[2005年文献] 1988~1998年にかけ,心筋梗塞の発症率は変化しなかった
地域での心筋梗塞発症率およびその傾向を調査するため,発症登録研究を行った。その結果,1988~1998年にかけ,心筋梗塞の発症率は変化していなかった。35~64歳における心筋梗塞の年間発症率(10万人あたり)は男性55.5,女性9.1で,WHO MONICAに参加した他の国よりも顕著に低かった。
Yoshida M, et al. Incidence of acute myocardial infarction in Takashima, Shiga, Japan. Circ J. 2005; 69: 404-8.
- コホート
- 滋賀県高島市における1988~1998年の心筋梗塞発症例,または心筋梗塞が原因と考えられる院外心突然死例291人。

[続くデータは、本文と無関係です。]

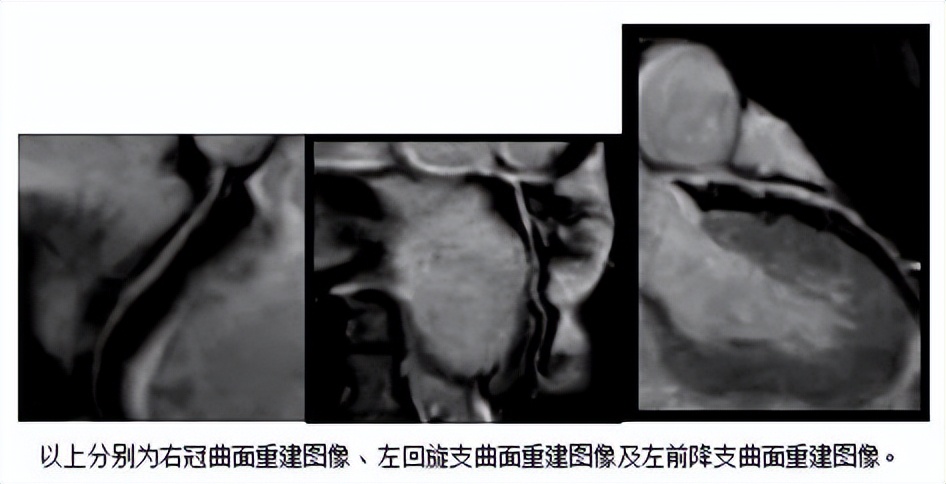 无创不打药！贵州医科大学附属医院完成贵州省首例冠脉磁共振血管造影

心筋梗塞の診断は,WHO MONICAの基準にしたがった。 - 結 果
- 11年の間に心筋梗塞を発症した,または心筋梗塞が原因と考えられる院外心突然死となった291人のうち,男性は190人,女性は101人。
平均年齢は69.5歳(29~96歳)。
28日以内に死亡したのは111人。
うち,院外心突然死または心肺停止が74人,搬送後24時間以内の死亡または三次医療施設へ救急搬送中の死亡が22人,搬送後24時間~28日目の死亡が15人。

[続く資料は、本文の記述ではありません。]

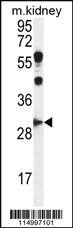 Anti-CCNG1 Rabbit Polyclonal Antibody [clone: 17CT9.2.8]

1988年から1998年にかけ,心筋梗塞の発症率に有意な変化はみとめられなかった。
35~64歳の男性における心筋梗塞の年間発症率(年齢調整,10万人あたり)は55.5,女性では9.1。
この結果は,WHO MONICAによる各国のデータと比較して,顕著に低かった。
◇ 結論
地域での心筋梗塞発症率およびその傾向を調査するため,発症登録研究を行った。その結果,1988~1998年にかけ,心筋梗塞の発症率は変化していなかった。35~64歳における心筋梗塞の年間発症率(10万人あたり)は男性55.5,女性9.1で,WHO MONICAに参加した他の国よりも顕著に低かった。